Bazı tarihsel dönemler vardır, yakın uzak görünür, uzak ise yakın. Bazı adımlar hemen atılabilir, bazı hamleler hemen yapılabilir durumdadır. Ama bunların birçoğunu yaparken, bir şeyin eksik olduğunu hissedersiniz. Belki de bunun ifadesi o kadar da kolay değildir ama hissedersiniz.

Bugün, birçok devrimci işçi için, “krizin faturasını ödemeyeceğiz” denildiğinde, işte böyle bir his ortaya çıkıyor. Aslında krizin faturası demek olan, işsizlik, zamlar, zorlaşan çalışma koşulları, maaşların ödenmemesi, iş güvenliğinin yok edilmesi, artan sömürü, ilave vergiler vb.ye karşı eylemler ortaya çıkmakta, işçiler tepkilerini göstermektedir. Bu, hatırı sayılır biçimde de yaygınlaşmış eylemler demektir. Ama bu eylemlerdeki insanlar, işçiler, emekçiler dahi, bu eylemlerde bir şeyin eksik kaldığını, belki de birden çok şeyin eksik kaldığını hissederler, hissetmektedirler.

Birçok eylemde, işçilerin aklında, “yalnız” kalmak, diğer işçilerden ve toplumdan yeterli desteği görmemek gerçeğinin yarattığı düşünceler takılı durumdadır. Ama gerçekçi olacaksak, daha başka eylemlerde de, diğer işçiler yalnız kalmıştı. İşte bu böyle herkesin düşündüğü, ama hiç kimsenin çözümüne yönelmediği bir sorun olarak ortadadır.

“Genel Grev Genel Direniş” sloganı ortaya çıkmaya başladığında, ki bizim önerimiz budur, ilk tepki, aslında bunun çok da mümkün olmadığı yönündedir.
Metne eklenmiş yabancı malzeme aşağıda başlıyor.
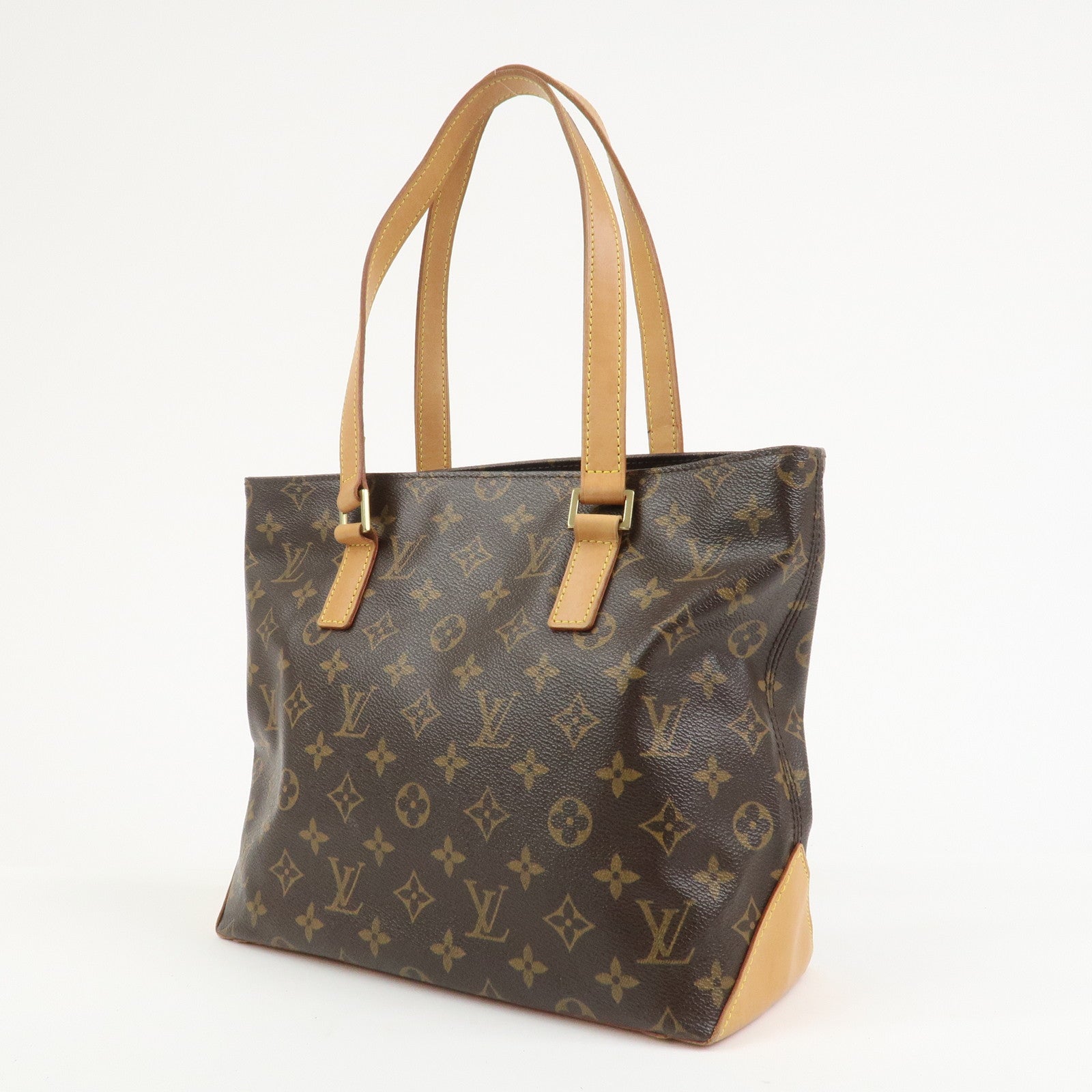 Louis Vuitton Monogram Cabas Piano Tote Bag Hand Bag M51148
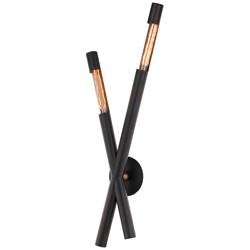 Hendrix 36 1/4"H Chemical Bronze X-Shaped 2-Light Sconce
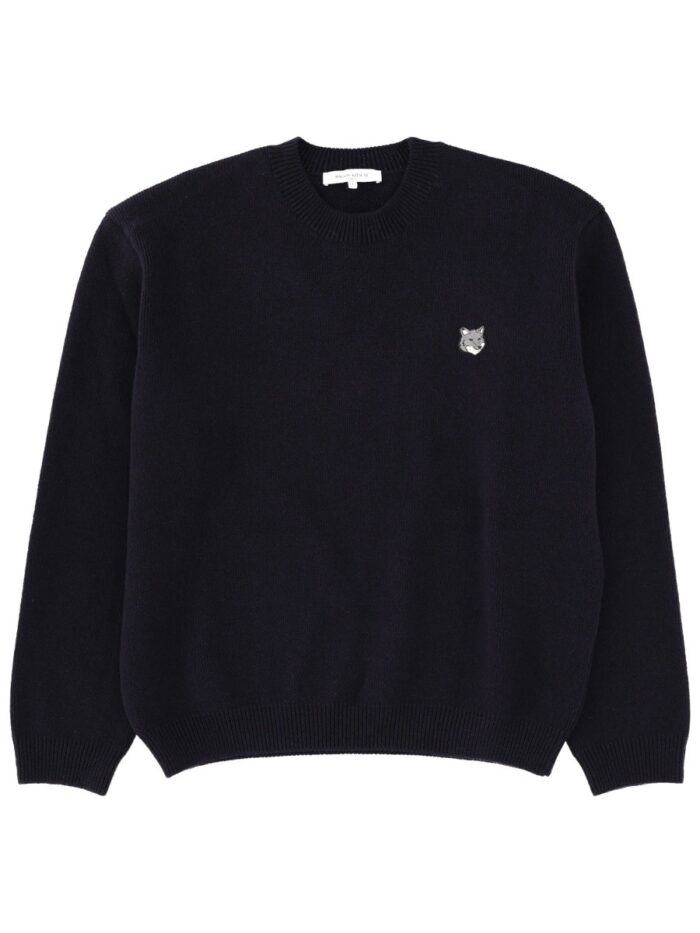 Maison Kitsune "FOX HEAD MILAN" SWEATER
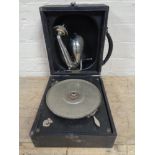 A vintage Decca Junior portable gramophone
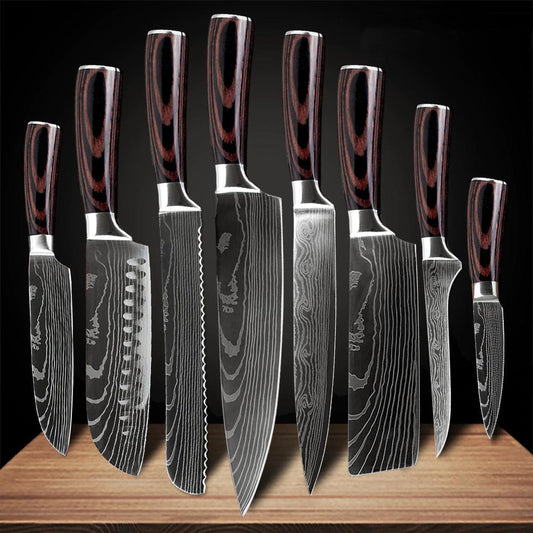 Kitchen Knife Set, Japanese Chef Knives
Hani “olabilse ne güzel olur ama olması çok zor” cinsinden bir konu gibi. Gelen grev, işçilerin şalterleri indirmesi, bunu bilerek, isteyerek, planlayarak yapmaları, bizim ülkemizde çok ender rastlanan bir durumdur.

Elbette öyle.

Hak-İş, Türk-İş gibi sendikaların egemen olduğu bir ülkede, işçi sendikalarının işçi sendikası olarak çalışmadığı, devletin ve işverenin örgütü olarak çalıştığı, başında sendika mafyası dediğimiz çetelerin oturduğu sendikaların egemen olduğu bir ülkede genel grev bir yana, düzgün bir grev bile olmaz.

Türk-İş Başkanı’nı, allah şaşırttı da, mikrofonlar açık iken ağzından çıkan lafları duyabildik. Bunlar balta saplarıdır. Balta, odunu keser ve yazık ki sapı odundan yapılmıştır. Ülkenin en uyanık işadamları, en uyanık politikacıları bu sendikaların başındakilerdir. Tam bir çetedirler. Ve bu nedenle, grev silâhını dahi kullanmazlar.
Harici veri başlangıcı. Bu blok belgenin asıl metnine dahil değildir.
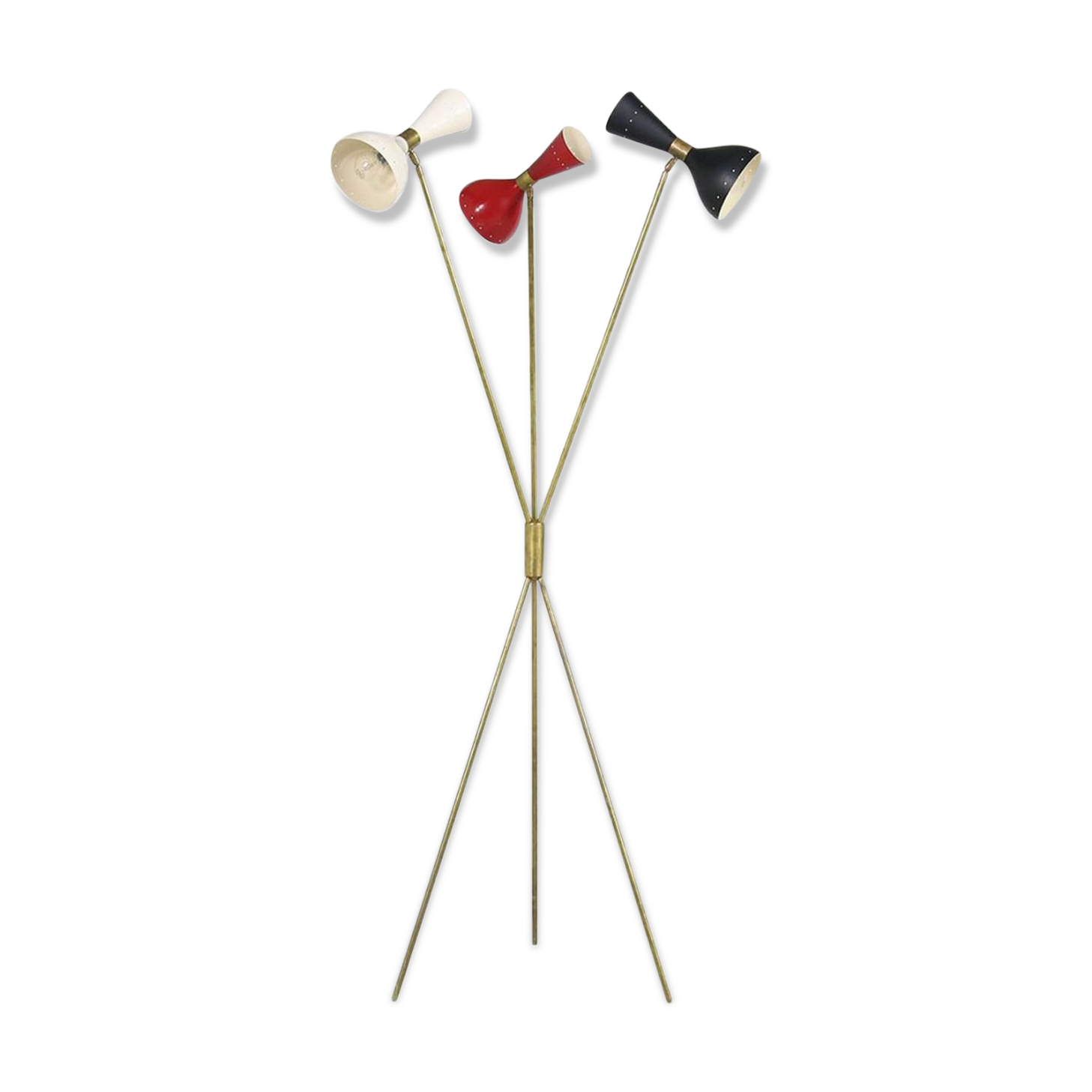 Tripod lamp in the style of Italian creations of the 50s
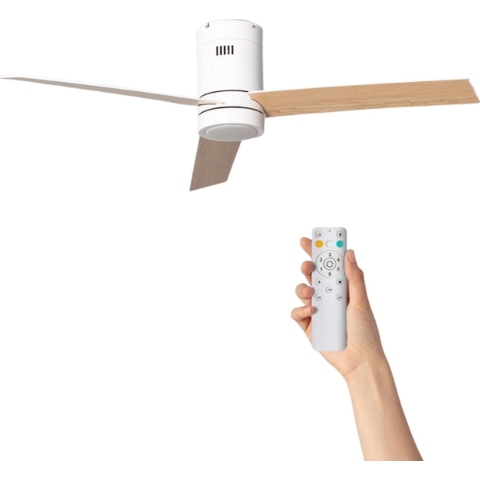 Ventiluxe Plafondventilator rafael met verlichting Ø132cm 6 snelheden- afstandsbediening -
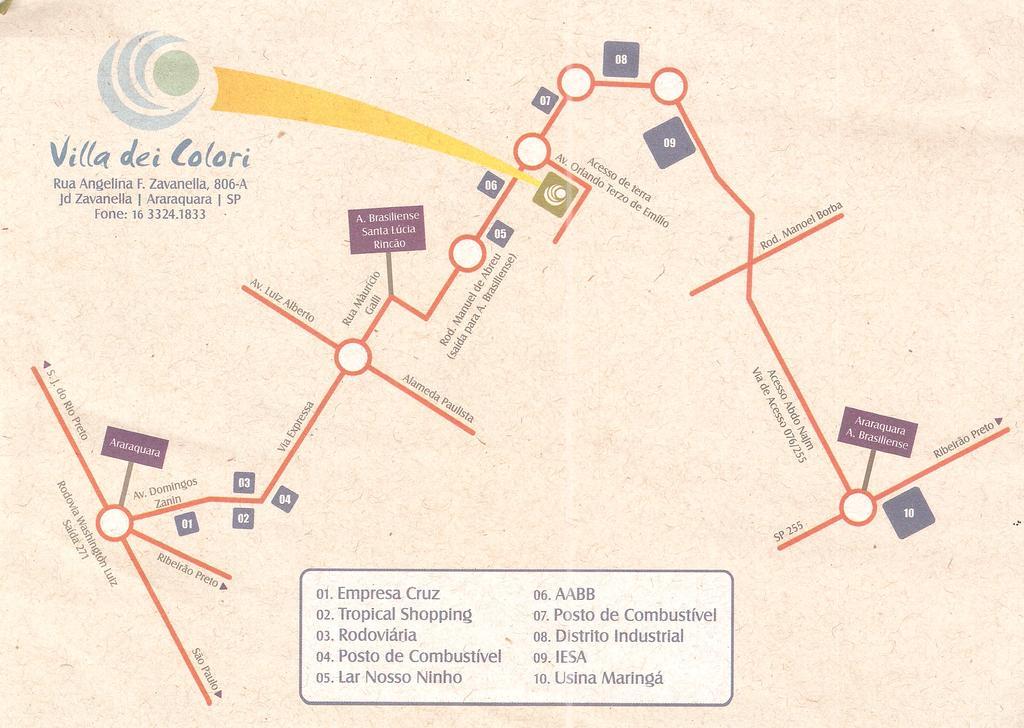Villa Dei Colori Araraquara Kültér fotó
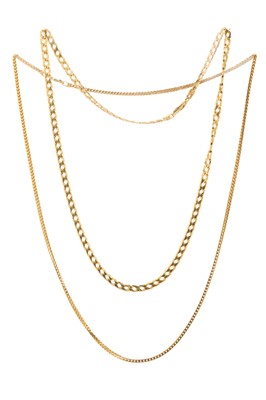 Lot 573 - TWO GOLD NECKLACES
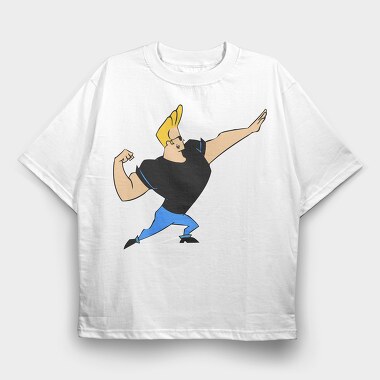Cartoon Retro Johny Bravo 3, Tricou Oversize Barbati (Unisex)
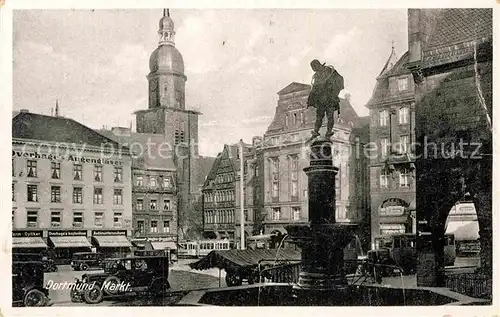 AK / Ansichtskarte Dortmund Markt Brunnen Kat. Dortmund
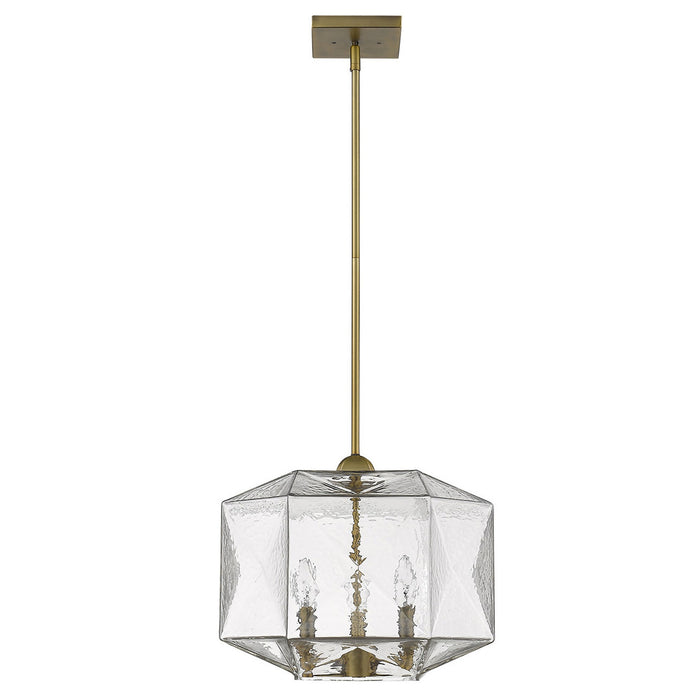 Bronze Metal Three Light Dimmable Ceiling Light With Copper Shades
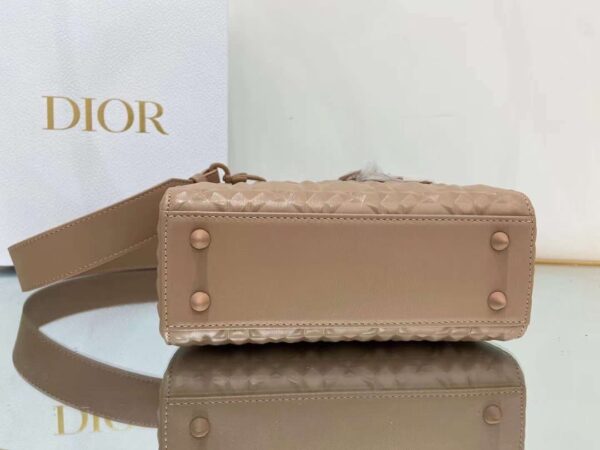 1:1 Replica Christian Dior Medium Lady Bag Cannage with Beaded Motif, Brown, For Women Women’s Handbags, Crossbody Bags, 20cm CD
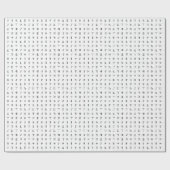 Runic Symbol White Wrapping Paper Geschenkpapier (Flach)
Grev bir silâhtır. İşçi sınıfının elinde, kapitalistlere karşı ekonomik mücadelesinde, haklarını alma ve koruma mücadelesinde bir silâhtır. Kullanılmayan bir silâh, gerçekte hiçbir şeye yaramayan bir demir parçası demektir.

Ülkemizde Cumhurbaşkanı, olağanüstü hâl ilan edip, olağanüstü hâlleri sürekli kılacak düzenlemeleri yaparken, ülkeden “hukuk” yok diyerek çıkmaya başlayan sermaye gruplarının rahatsızlığına karşı, “sayemizde grevleri yok ettik” diye patronların minnet duygularını yoklamıştır. İşte sendikacılar da onun daha küçük alandaki gölgeleri gibidir.
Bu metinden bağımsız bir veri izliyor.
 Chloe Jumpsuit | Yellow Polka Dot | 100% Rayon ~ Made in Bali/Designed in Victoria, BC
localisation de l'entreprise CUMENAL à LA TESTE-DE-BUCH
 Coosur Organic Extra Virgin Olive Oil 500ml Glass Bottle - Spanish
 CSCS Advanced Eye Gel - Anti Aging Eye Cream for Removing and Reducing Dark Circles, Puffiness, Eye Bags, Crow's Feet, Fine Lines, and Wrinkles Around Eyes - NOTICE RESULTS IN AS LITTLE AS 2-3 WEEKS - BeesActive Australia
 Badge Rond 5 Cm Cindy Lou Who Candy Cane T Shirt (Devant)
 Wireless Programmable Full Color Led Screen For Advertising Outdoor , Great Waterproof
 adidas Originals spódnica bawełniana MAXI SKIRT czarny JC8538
Grev bir silâhtır, ama ülkemizde patronların iznine bağlı olarak kullanılmaktadır. Bu nasıl olur, demeyin, işçi sendikası olmayan sendika olabiliyorsa, işçisiz sendikacılık var olabiliyorsa, grevsiz sendika olabiliyorsa, grev hakkı olmadan “toplu sözleşme hakkı” (toplu görüşme hakkı) olabiliyorsa, grev de patronun, hatta en büyük Başkan’ın iznine tabi hâle gelir.

Buna rağmen, işçiler grev bayrağını açmaktadırlar. Çünkü bıçak kemiğe dayanmıştır. Milyonlarca insan işsiz, aç, yoksullaşma artmakta, yaşam çekilmez olmaktadır. Bu durumda direniş, ne olursa olsun, son çare olarak, devreye girmektedir.

Aralık ayının hemen başında Doğa Koleji’nin öğretmenleri derslere girmedi. Önceleri Hüseyin Çelik ve Fethi Şimşek’in sahibi olduğu Doğa Koleji, aslında AB kredileri ve devlet olanakları ile gelişti, büyüdü. Sonra, FETÖ operasyonları çerçevesinde, okul Metal Yapı’ya satıldı. Metal Yapı, herhâlde başkası adına okulu almış olmalı ki, Metal Yapı’yı kurtarmak için okulu yağmaladığı söyleniyor. Bu arada okulun mevcut öğrenci kapasitesinin ancak %40 kadar öğrenci kaydı gerçekleşti. Ve söylenenlere göre bir banka, kredilerine karşılık okula el koydu. Ve öğretmenler maaşlarını alamadığı için, Aralık 2019’da derslere girmemeye başladı.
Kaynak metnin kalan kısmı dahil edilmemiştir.